Work Title Heaven on Earth
Alternative Title
Composer Tans'ur, William
Movements/Sections 2 Books
I. The Whole Book of the Proverbs of King Solomon
II.The Song of Songs, which is the Song of Solomon
First Publication 1738
Language English
Piece Style Baroque
Instrumentation voices, continuo (organ or bassoon), unspecified instruments


Misc. Comments

Heaven on Earth; or, the Beauty of Holiness. In 2 Books ... Composed in 2, 3, and 4 Musical Parts according to the most Authentick Rules, and set down in Score for Voice or Instruments. Containing:

I. The Whole Book of the Proverbs of King Solomon, Composed in English Verse; And Set to Musick.
II.The Song of Songs, which is the Song of Solomon.
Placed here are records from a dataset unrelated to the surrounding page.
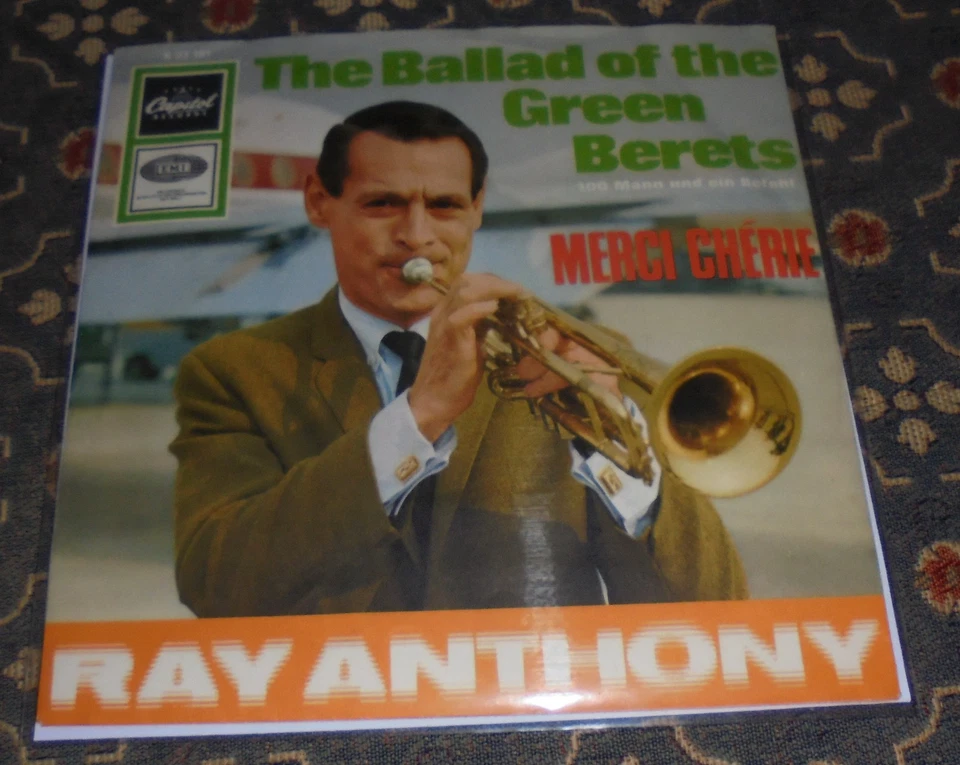 Ray Anthony : The Ballad of the Green Berets,Capitol,7",im Bildcover - Bild 1 von 1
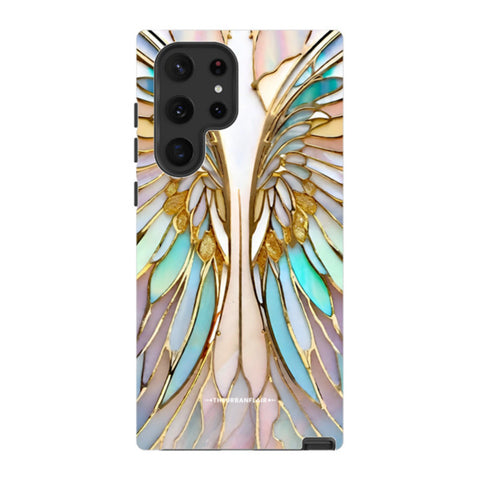 Angel Wings Stained Glass Illusion Tough Phone Case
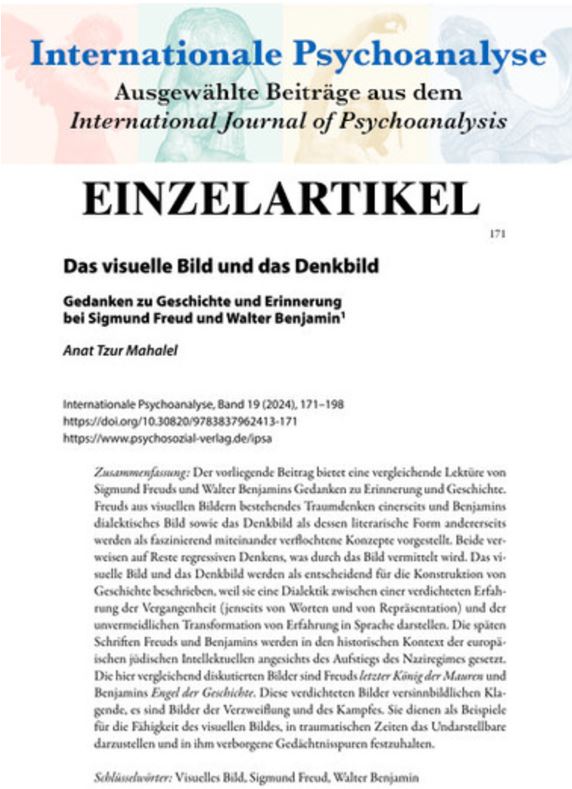 Read more about the article Das visuelle Bild und das Denkbild – New Publication for our Research Fellow, Dr. Anat Tzur Mahalel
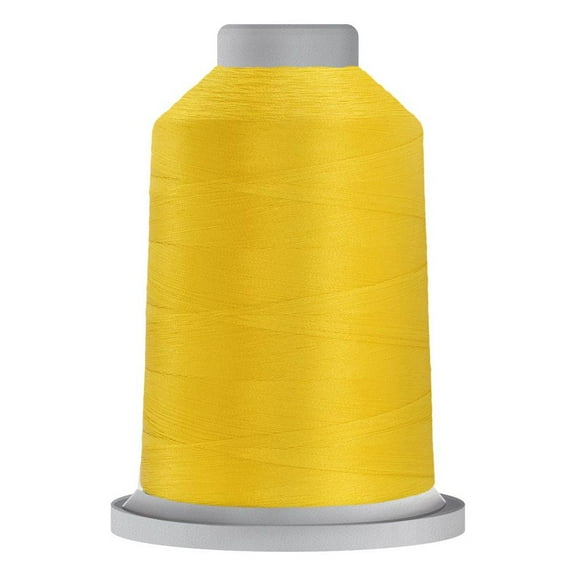 Glide 40wt Polyester Thread 5,500 yd King Spool Bright Yellow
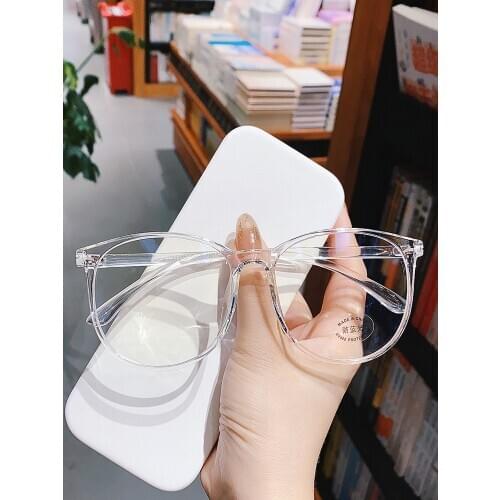 Computer Blue Light Glasses Women Men TR90 Black Eyeglasses Frames Vintage Oversized Optical Clear Myopia Frame Unisex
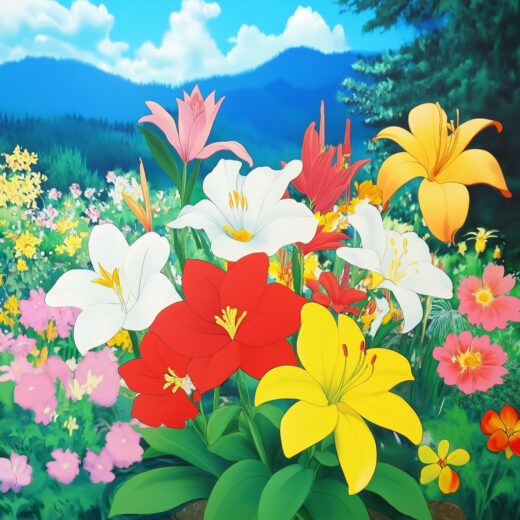 sref 719 | flowers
Together with various Hymns, Anthems, and Canons: With Instructions to the Musick: and Expositional Notes on the Whole.

Tans'ur's Performance directions (Introduction to Book 2):
Ingenious Practitioners,
The Figures that are fixed over the Notes of the Basses, of all the Tunes in the several Parts of this Book, (when Vocally perform'd to Perfection,) do so augment to the Harmony, that there is no Deficiency in the Fullness thereof in such Tunes as are set in Three Parts, from those that are set in Four Parts: Which Notes may be perform'd as an Inner-Part, where an Organ is wanting; if some of the Tenor be sung as a Treble, in the Octave above, &c.
Observe, That on such Notes where nothing is figur'd, your Part may joyn with any one of the Inner-Parts, that does not make a Consecution of Perfects of one kind together from the Bass, &c.
This Part so figur'd, is most respective to the Organ, &c. which Part must be vocally perform'd with great Care and Judgment.
*** Those Figures which are set over the first and last Notes of the Upper-Parts, serve to direct the Performer both to the Pitch, and also to the Endings of all Parts of the Concert: Which Figures shews the Concords of all the Parts from the Ground, or Bass, &c. And that in Tunes of Three and Four Parts, the Inner-Parts may be omitted, and sung but in two Parts; when Voices are deficient: In the performance of which Concert a Bassoon never ought to be wanting.